Si, spettator farmene vo’; i ribelli
Chi più di me abborría? Chi più anelante
Di mirar nella polve i lor vessilli,
Il lor carroccio; le lor torri, e lieto
Cavalcando avventarmi ov’esse furo,
E dir: «Del mio destrïer l’ugna le pesta!»
Il Conte.Ascolta, figlio.
Ermanno. Cessa. Il furor mio
Tanto è maggior, quanto più grave è l’onta
Che sovra noi gettato ha quel fellone....
Che fratel dirmisi osa.
Il Conte. Il furor nostro
Contro all’empia città che per tant’anni
Trascinò Italia a ribellar, che tanti
Nostri congiunti trascinovvi, e un figlio,
Un figlio mio! dovuta era giustizia:
E il debito solvemmo. A' suoi stendardi
L’inperador di noi non ebbe un prode
Fra gl’itali baroni e più devoto
E più del proprio sangue in venti pugne
Largo effusore.
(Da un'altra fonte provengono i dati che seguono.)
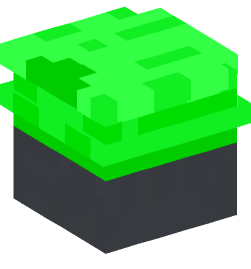Minecraft head — Decor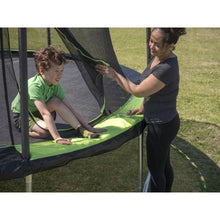 JumpKing 14’ Trampoline with Enclosure Model JK146P-DAL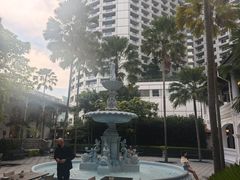-Raffles Courtyard(莱佛士酒店)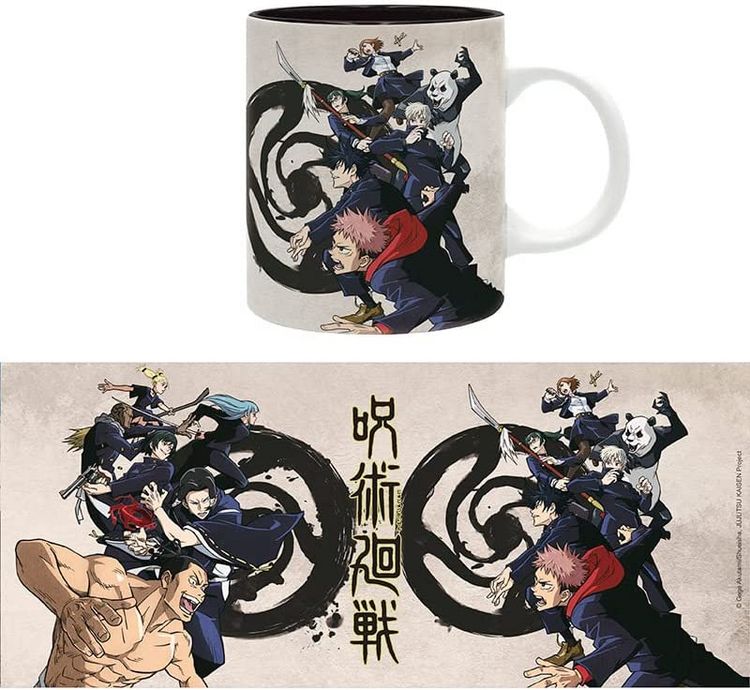 Produktbild: JUJUTSU KAISEN Tasse 320 ml - Gruppe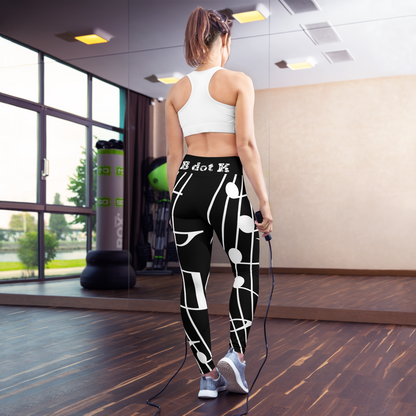 Leggings - Sound B dot K - black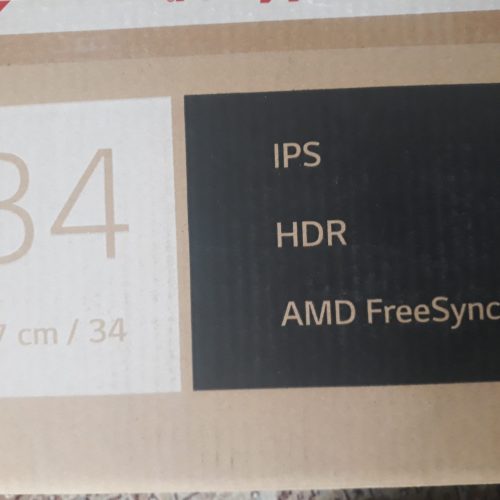 مانیتور 34 اینچ ال جی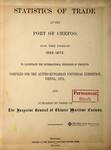 Statistics of trade at the port of Chefoo, for the period 1863-1872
E noto è a lui che il ferro
Non cessò di rotar mio antico braccio,
Finché da orrendi colpi io lacerato
Non caddi un giorno in sua difesa; — il giorno
Ch’essermi parve estremo, e stato il fòra
Se a me non accorrea quell’infelice....
Ch’io maledissi, e figlio ancor mostrossi.
Ermanno.
Colui cessiam di rammentar. Finiti
Sono e suoi vanti e sue minacce.
Il Conte. Ah dove
Chiuso avrà forse i mesti dì, o ramingo
E sconsolato li trascina? Il cielo
Severamente lo punì. Deh, flglio,
Tu sol mi resti: al padre tuo, cui turba
Ben non so qual presagio or di sventure,
Compiaci: resta al fianco mio.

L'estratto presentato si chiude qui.